Teach him to go lie down, give him a specific spot in the house that is his, a kennel or a dog bed. Teach him to down first, then down in the kennel or on the bed. Then at very short distances start to send him to the bed by giving a command like kennel or bed. Reward him and let him go. Start building the time you expect him to be quiet and out of the way. Reward him with a special toy or treat that he only gets when he is down like this. Never let him get up unless you release him. Even when you are first starting out, set him up for success by reading his body language and releasing him before he breaks. 

Alternatively buy a crate and let him hang out in that instead of on the couch.


----------



## psilentchild (Oct 1, 2009)

He has a crate, but we put it up since he became house broken. He does have a spot that he likes to lay in by the tv. I put him there once, but that was it. I will continue to put him in his spot and see how that works. That's the only problem I have out of him. He knows to sit and not eat his food until told too and to stop eating if I say stop. He just won't move.


----------



## PatriciafromCO (Oct 7, 2012)

agree spending time showing them a task they should do instead is productive. And I always start by going with them and showing them and rewarding them because it's not a punishment, its just another task/job for them to learn. Very helpful skill that once they understand being sent away to a safety spot you can use it for many places that you can put a name to.. I use it for when I realize I have a rattle snake in the yard, I can send everyone back to the house and out of harms way while I deal with it, or if a glass gets broken on the floor in the house I can send them to a different room to wait. Going away from you and being able to manuver an obsticle away and out of line of sight of you are extremly useful tools.


----------



## hanksimon (Mar 18, 2009)

And, the reward could be a frozen, stuffed Kong, or a hard rubber bone to chew...


----------



## Kovalpup (Dec 16, 2012)

In Patricia McConnell's book "The Other End of the Leash" she mentions this sort of thing. It seems like he's created a habit of demanding attention from you. 

From my own experience, and from that book (among many others), here are my suggestions:

1. Get a clicker and train "go to your spot." If you don't know about positive reinforcement training, this site, or any dog training site will get you a great introduction. I eat meals sitting on my couch so it was important for me to teach this! When the dog finally learns to go lie in the spot, give a treat for staying for 1 minute, 3 minutes, then 2 (just an uneven interval).

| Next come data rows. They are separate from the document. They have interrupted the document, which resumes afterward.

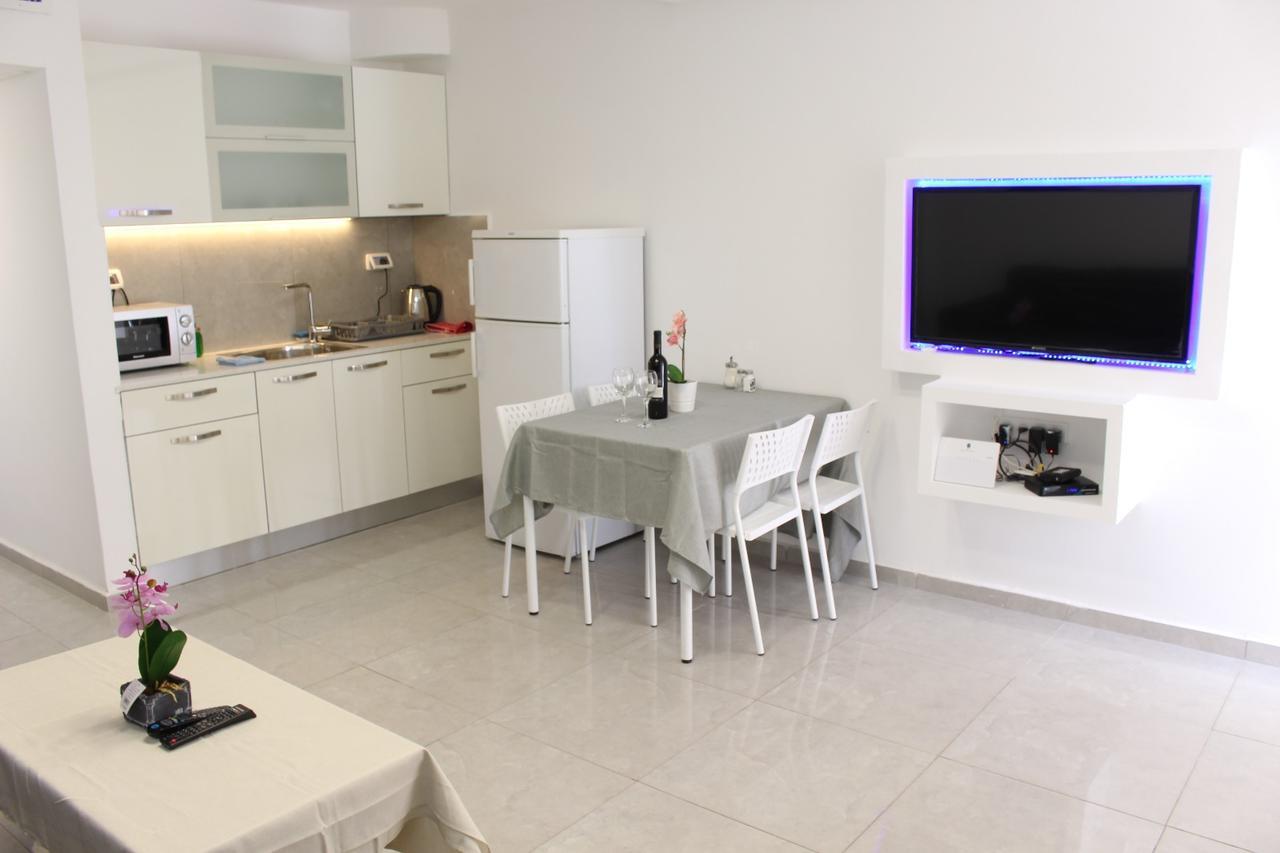 Vacation Apartment Ейлат Екстериор снимка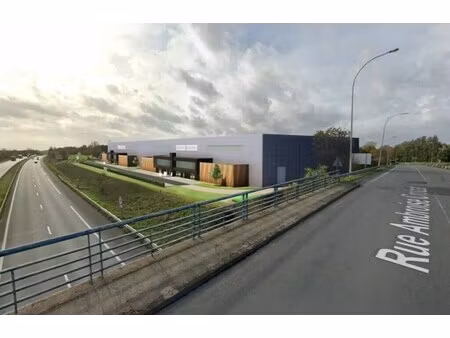location entrepôt hordain 59111 3260m²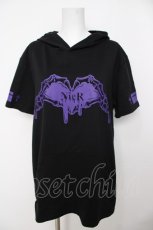 画像1: NieR Clothing / プリントフードパーカー F 黒 Y-26-07-05-070-PU-TO-SZ-ZY (1)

2. Don't use your hands to push him away. Dogs play with their hands, and you touching him is in fact an invitation to play. You can use what's called a "body block." Dogs can boss around other dogs by controlling space instead of the dog itself. If your dog is controlling your space (and demanding attention), he might view himself pretty high up on the social hierarchy. Anyway, to do a body block, you put your hands on your chest and use your elbows or shoulder to gently nudge him away. DO NOT look at him. Eye contact in this situation will be an acknowledgement of his desire for attention.

3. Use "happy slappys." Most dogs find a pat to the top of the head mildly aversive. If the dog is bothering you, Step 1: say "Enough" (or go away, etc). Step 2: Pat him on the head twice (obviously, please be gentle), Step 3: Use body blocking to guide him away from you, Step 4: Put a treat on his spot. 

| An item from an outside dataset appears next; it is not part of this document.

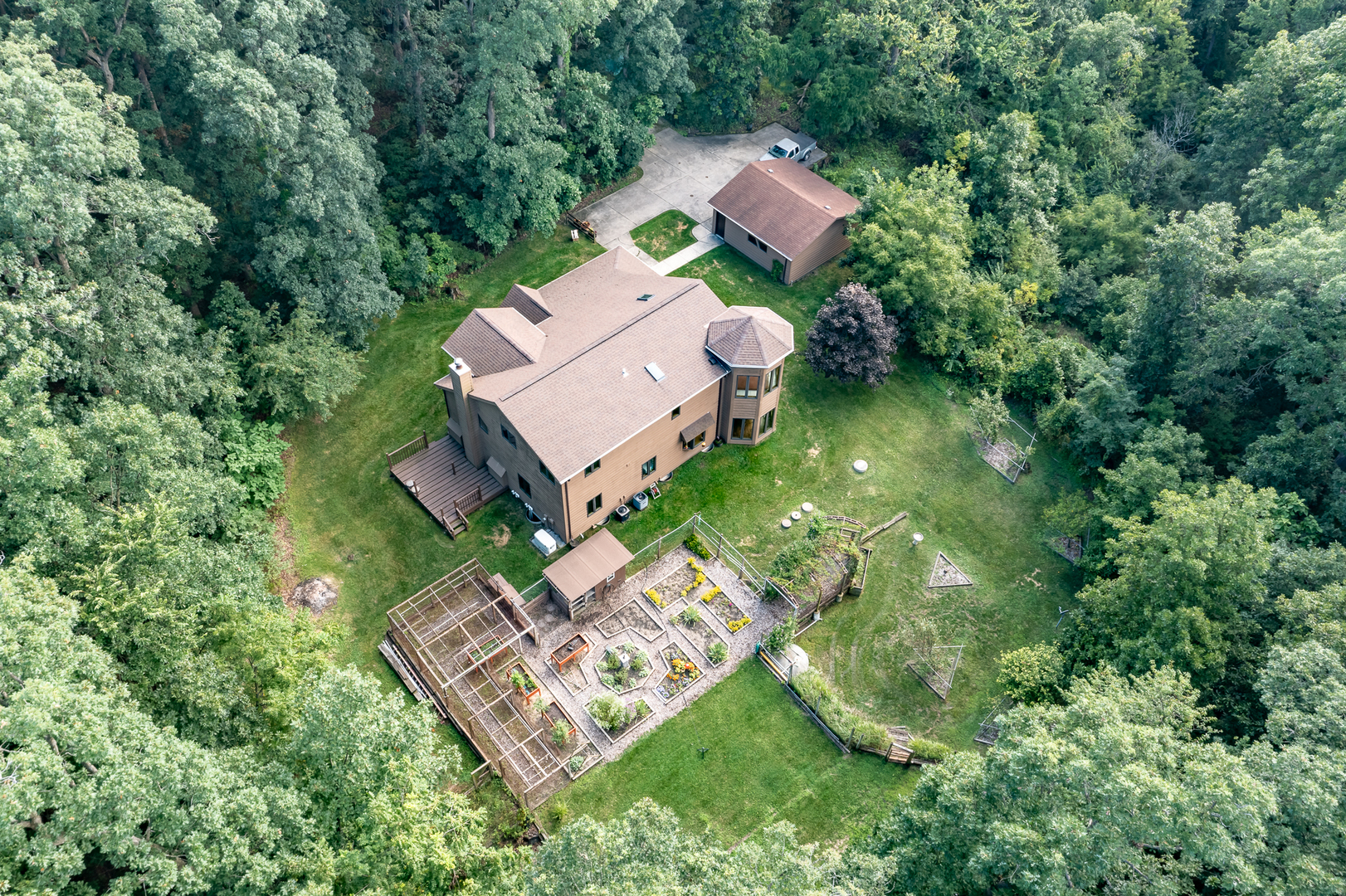 3530 E Challas Entrance, Crete, IL 60417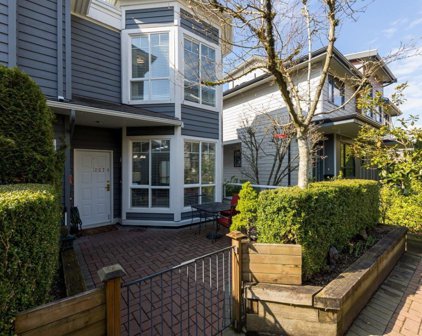 257 E 6th Street Unit 1, North Vancouver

Eventually the cue "Enough" will effectively be a cue for "go to your spot" and you won't have to pat him on the head, or even stand up to body block him away.

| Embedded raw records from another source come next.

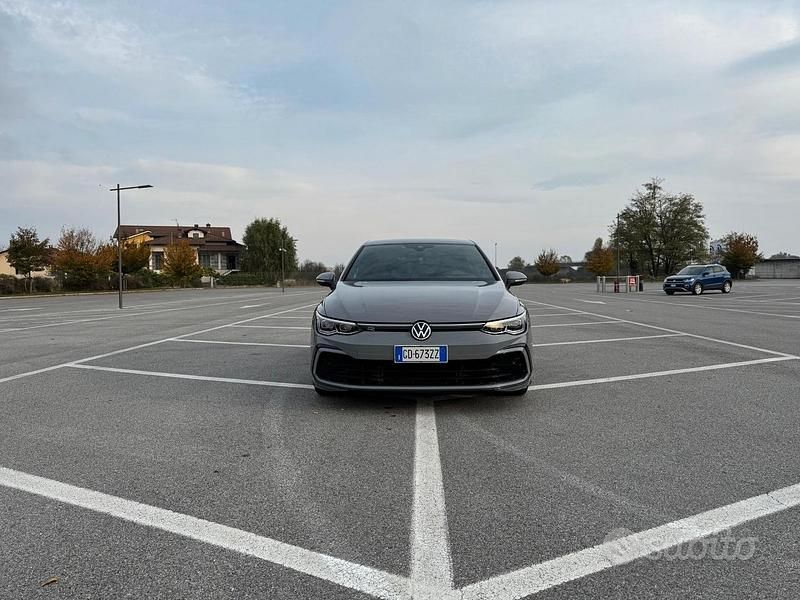Usata VW Golf VIII R-line 150 CV (110 kW) 2021 Grigio Berlina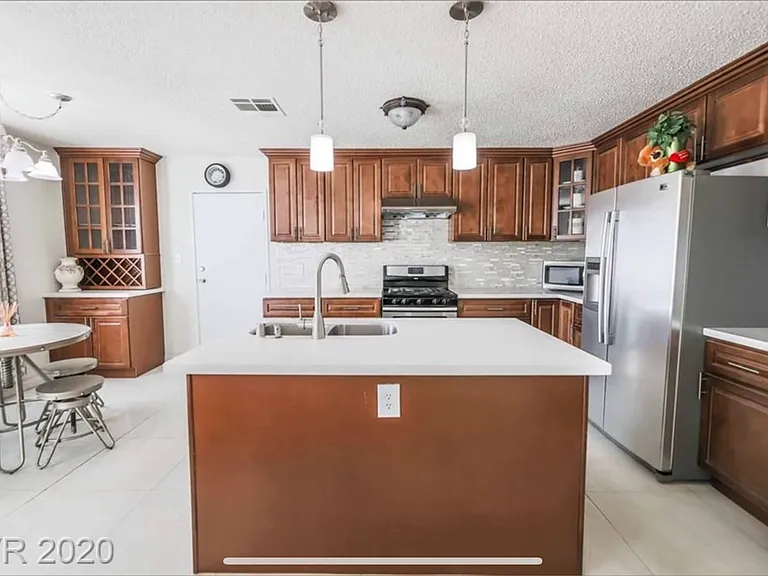 3462 Myrtle Ave — Photo 24
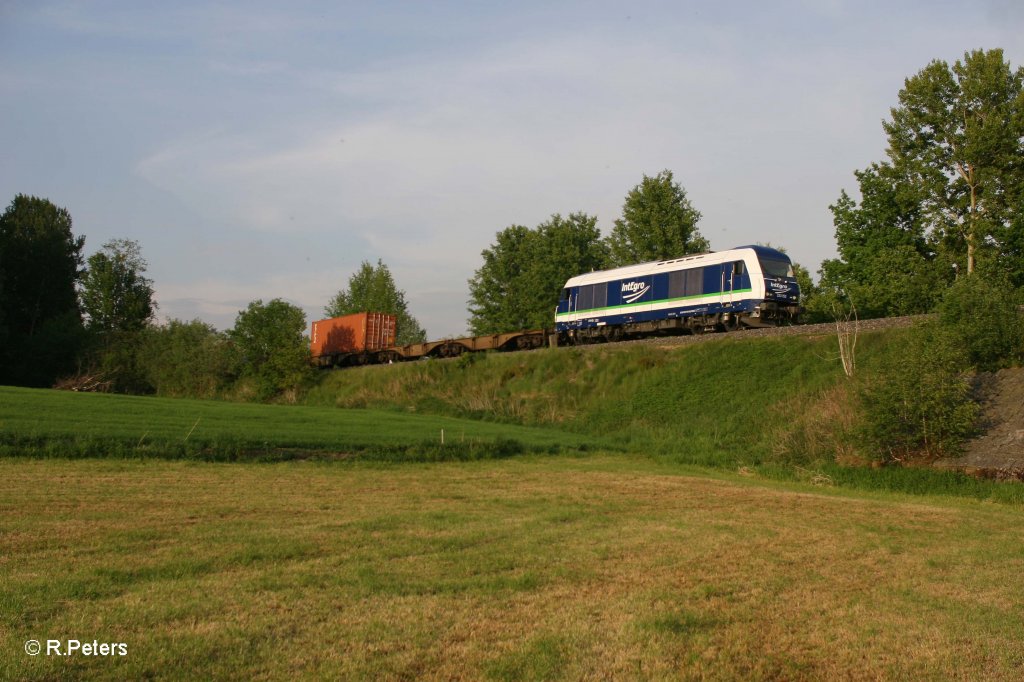 223 152 mit dem Containerzug ATW Wiesau - N�rnberg bei Wiesau. 22.05.12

4. You can use a clicker to teach a dog to "back up" or "move." Search this site or YouTube for some good tutorials. This will help solve the problem when he gets in your way walking around the house. (In the mean time, don't go around your dog when he blocks YOUR space. Continue walking and shuffle your feet and gently nudge him out of the way. Your house, your space, and an opportunity to be a leader without using intimidation.)

Hope this helps!! Good luck!!


----------